Also, it doesn't sound as if you're seeing a very knowledgeable Lyme expert but perhaps just your PCP?

No Lyme specialist would ever treat for such a short time.

I suggest you post in Seeking a Doctor forum for someone to answer you as to where the closest Lyme specialist would be for you.

But, more bad news, there aren't that many down in your area.

But it's worth traveling to get treated properly for this disease.

Treating Lyme ineffectively can just make the disease more resistant to treatment.

Sorry I can't give you any good news. But don't wait. Find a good Lyme doctor.

Lyme standards????What are the Lyme standards....it seems to me that different docs have different standards...! Treating Lyme ineffectively...???? It just got to overwelming and ...and i had to let it out.
As i said i didn't mean to offend anyone. And yes i am back reading....I am sorry.

you're cool with us...

my gosh...I think you are in good caring hands as far as I can see....now

I just hope your PCP can ride out a long treatment...as..believe it or not...you DO have late stage Lyme..maybe NOT chronic yet...which is good...but the delay has put you behind the curve a little.

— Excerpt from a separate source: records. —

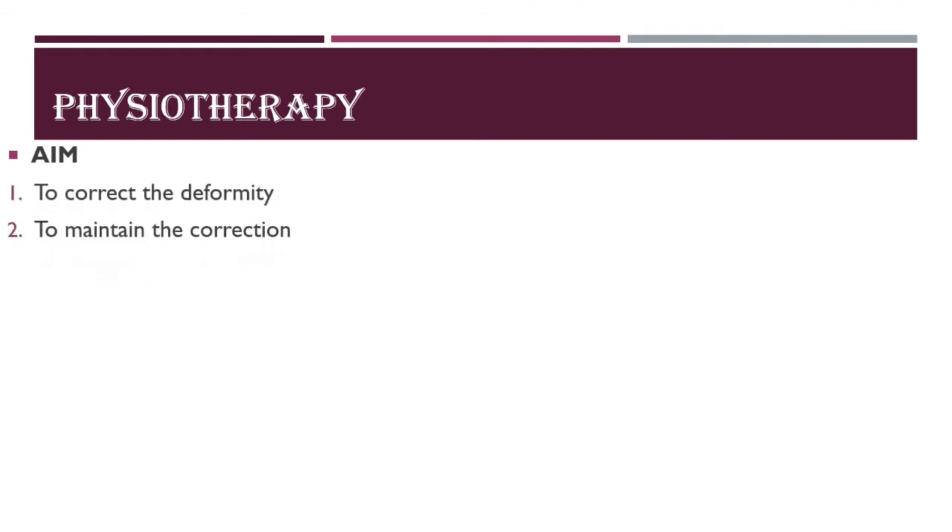Moving on to physiotherapy management. The aims are: one, to correct the deformity, and two, to maintain the correction. When a child comes to your clinic, the first step is careful evaluation of range of motion and the degree of deformity, which plays a major role before initiating treatment.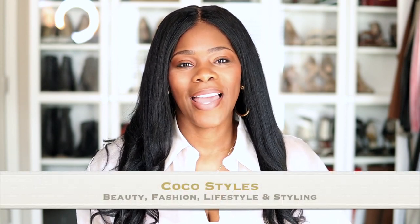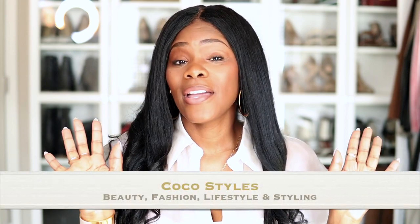Welcome back to my channel guys. It's your girl Coco Styles, and on this channel we talk about beauty, fashion, lifestyle, and styling. Today I have five skirts you should have in your wardrobe as a tall woman. The struggle is real when trying to find clothes to fit us, but there are certain pieces that will make getting dressed a lot easier — here are some of my favorite skirts.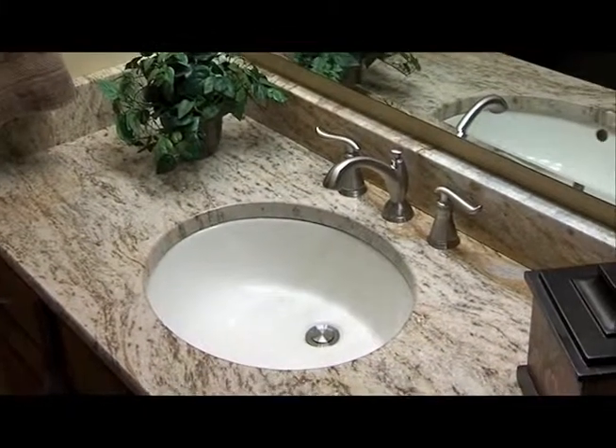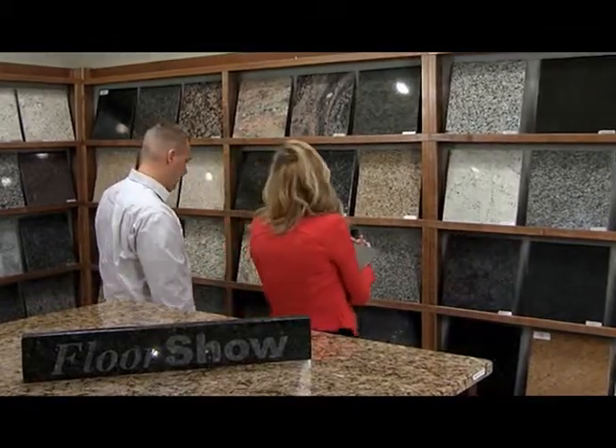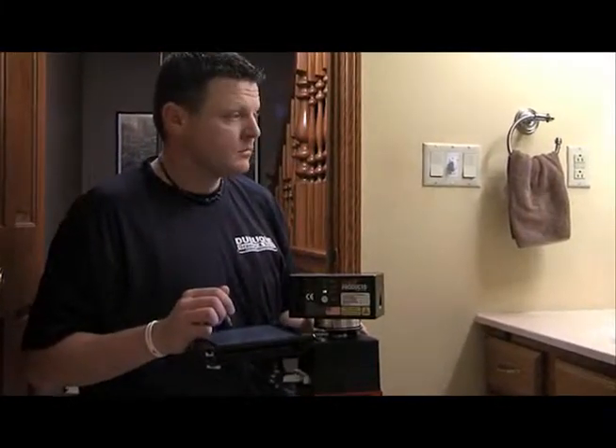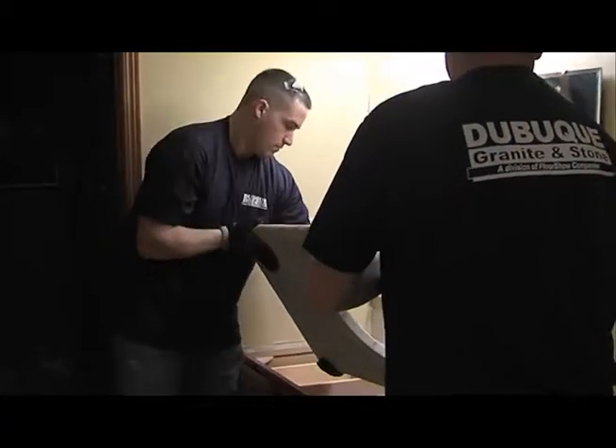New granite countertops are so easy when you work with Floorshow's store-within-a-store, Build Granite and Stone. Your project starts with our designers who will help select the perfect granite or quartz. Then our installation team uses the latest laser technology to precision measure without disrupting your existing surroundings.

Now read my signature and hopefully it will help.

Trout

I just got really sick kinda like I hit a brick wall in May of this year. I am a single mom of two. a 1 year old baby boy and a my 3 year old baby girl.

I am soo sick I can't even take care of my two children let alone go out on the weekend like I use to.

My childrens father has them full time right now I can't even get out of bed most of the time.

I understand what you are going through. I come on here to get some advice because I am so very new and lost to all of this. I need all of the support I can and it seems like you could too as well.

Please ask any questions you have & then sift thru the answers & decide what applies to your situation.

We have several new members who are young & may want to e-mail to share info, concerns, frustrations, etc, etc.
I just responded to "Softball Mom" in NC in General Support - "New member/ starting treatment"

So glad all of you found LymeNet.
Welcome to the group!!
I hope you find this website as helpful as it has been for me.

On the the hair loss and muscle pains. I had a very major problem with this also. My hair started to come back several months after start of treatment and the major muscle pains went away after several weeks of initial treatment. So there is hope on those areas...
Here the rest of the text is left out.